Aquí hay un intento de hacer lo que querías.
# Setting up some sample data
require(dummies)
df <- data.frame(categorial=rep(c(1,2,3), each=20), x=rnorm(60))
flevels <- dummy(df$categorial)
df$categorial <- factor(df$categorial)
df$y=20 + df$x*3 + flevels%*%c(3,1,2) + rnorm(60)*2
Utilizo una regresión para obtener el nivel mínimo del factor y luego reordenarlo:
# Now we start with trying to find the minimum cateogry. However, note that this does not work in every context!

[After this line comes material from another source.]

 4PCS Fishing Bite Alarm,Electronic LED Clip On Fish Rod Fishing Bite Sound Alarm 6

summary(helpreg <- lm(y~x+factor(categorial) - 1, data=df))
Coefficients:
Estimate Std. Error t value Pr(>|t|)
x 2.9944 0.2334 12.83 <2e-16 ***
factor(categorial)1 22.9640 0.4472 51.35 <2e-16 ***
factor(categorial)2 21.0720 0.4390 48.00 <2e-16 ***
factor(categorial)3 22.1300 0.4364 50.71 <2e-16 ***
Entonces empiezo a ordenar lo mínimo:
factors <- grep('categorial', names(coef(helpreg))) # --- replace categorial with your variable name
minimumf <- which(coef(helpreg)[factors]==min(coef(helpreg)[factors]))

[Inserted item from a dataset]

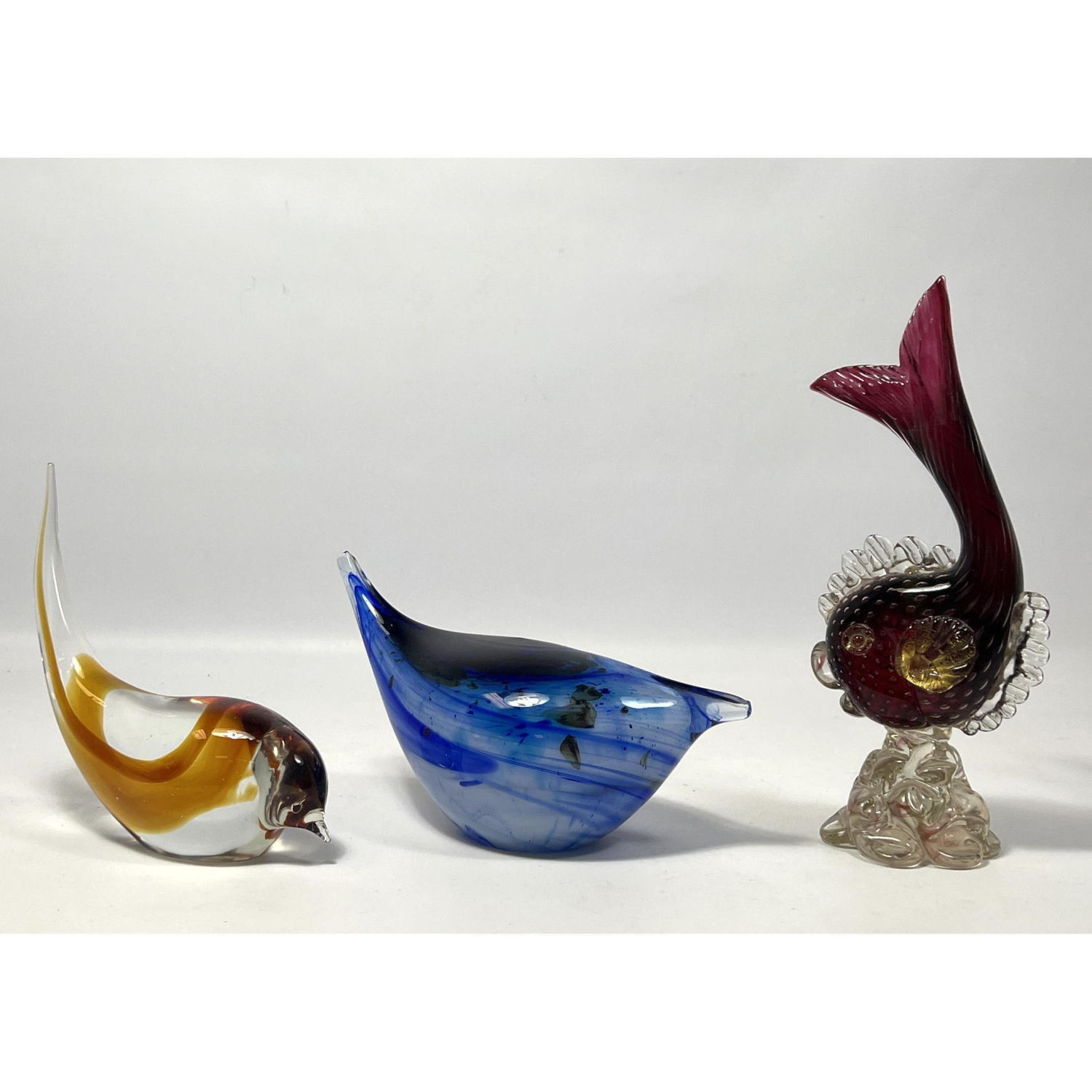 3pc Art Glass Figural Sculptures.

A continuación, se renivela
df$categorial <- relevel(df$categorial, ref=minimumf)
Y en mi caso funciona - probablemente también te funcione a ti....
summary(lm(y~x+factor(categorial), data=df))
Estimate Std. Error t value Pr(>|t|)
(Intercept) 21.0720 0.4390 48.003 < 2e-16 ***
x 2.9944 0.2334 12.828 < 2e-16 ***
factor(categorial)1 1.8920 0.6341 2.984 0.00421 **
factor(categorial)3 1.0580 0.6193 1.708 0.09310 .
Los comentarios, por supuesto, son muy apreciados.